La semana pasada, quienes estuvimos al tanto de lo ocurrido en el Instituto Nacional Electoral y el Tribunal Electoral del Poder Judicial de la Federación asistimos a un espectáculo francamente ridículo. Mientras el primero se ha empeñado, a través de la fiscalización, en dar los argumentos suficientes para la anulación de la elección en Coahuila, el segundo ha revocado en parte la contabilización de los gastos de campaña por considerar que el instituto se ha excedido en sus funciones. Lo ridículo está en el nivel de discusión que se observa. Se trata de un juego de sumas y restas de dinero utilizado en las campañas, de facturas presentadas fuera de tiempo y forma, de formatos vaciados de manera indebida, del costo real de unos cuantos spots, de si los partidos dijeron o no la verdad a la hora de reportar sus gastos. Pero esto último no se sabrá, porque por más reglas que se hayan creado y por más atributos que se le hayan dado al INE, siempre habrá huecos por donde los partidos puedan salirse con la suya. Unos quitan, otros ponen, uno más esconden, y la mayor parte, recursos públicos. La percepción generalizada es que los dos protagonistas de la elección rebasaron el tope, y que no es necesario ser un genio para saberlo. La elección es, al final, un verdadero galimatías de simulaciones y marrullerías.

Y es aquí donde aparece la hipocresía. Mientras los partidos políticos se desgarran las vestiduras a la hora de legislar en las cámaras para dar más certeza a los procesos electorales, en las elecciones son sus candidatos y equipos los que siempre buscan la forma de darle la vuelta a dichas legislaciones y torcer la realidad para ajustarla a su conveniencia. Tras el fallo del llamado Trife con el cual se determinó borrar, por una mera cuestión de forma, poco más de un millón de pesos a los gastos de campaña de Miguel Riquelme, los partidos enfrentados dieron rienda suelta a otra campaña de mentiras completas y medias verdades. Los panistas que respaldan a Guillermo Anaya, nuevamente volvieron a decir que la anulación de la elección es inminente. Por su parte, los priistas de Riquelme no tuvieron empacho en asegurar que la resolución confirmaba ya su triunfo, a pesar de que aún faltan varios procesos por desahogar en los tribunales.
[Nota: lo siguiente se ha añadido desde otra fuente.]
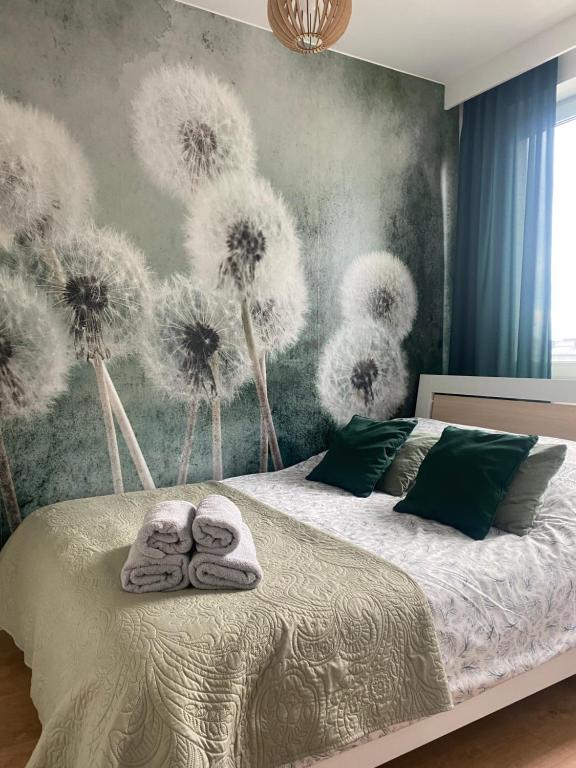 Posteľ alebo postele v izbe v ubytovaní Airport Green Apartment KL21 - air condition & free parking
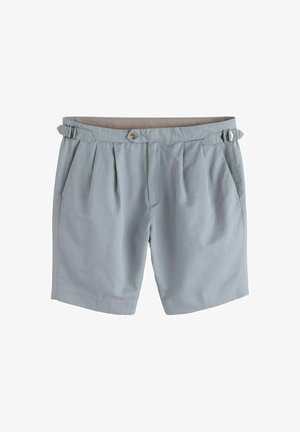 Hellgraue Shorts aus glattem Stoff. Mit Falten und einem Knopfverschluss sowie jeweils einer seitlichen Schnalle am Hüftgürtel.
Como se observa, no hay compromiso alguno con la honestidad. Así, ninguna ley podrá funcionar.

El problema fundamental es la falta de voluntad de los partidos por respetar, no digamos ya las reglas que ellos mismos fijan, sino el más básico sentido de la decencia y del respeto hacia el ciudadano. Para la mayoría de los partidos, los ciudadanos son incapaces de organizarse para participar en la discusión de los asuntos de la vida pública. Para ellos, sólo son votantes a los que hay que buscar cada vez que hay elecciones y prometerles cualquier cosa, sea o no posible. Mientras exista esta visión obtusa de la democracia en los partidos, difícilmente podrá haber cambios sustanciales en los comicios, y lo que veremos en adelante serán formas de engaño cada vez más sofisticadas en unos procesos en donde la ética más elemental es la gran ausente.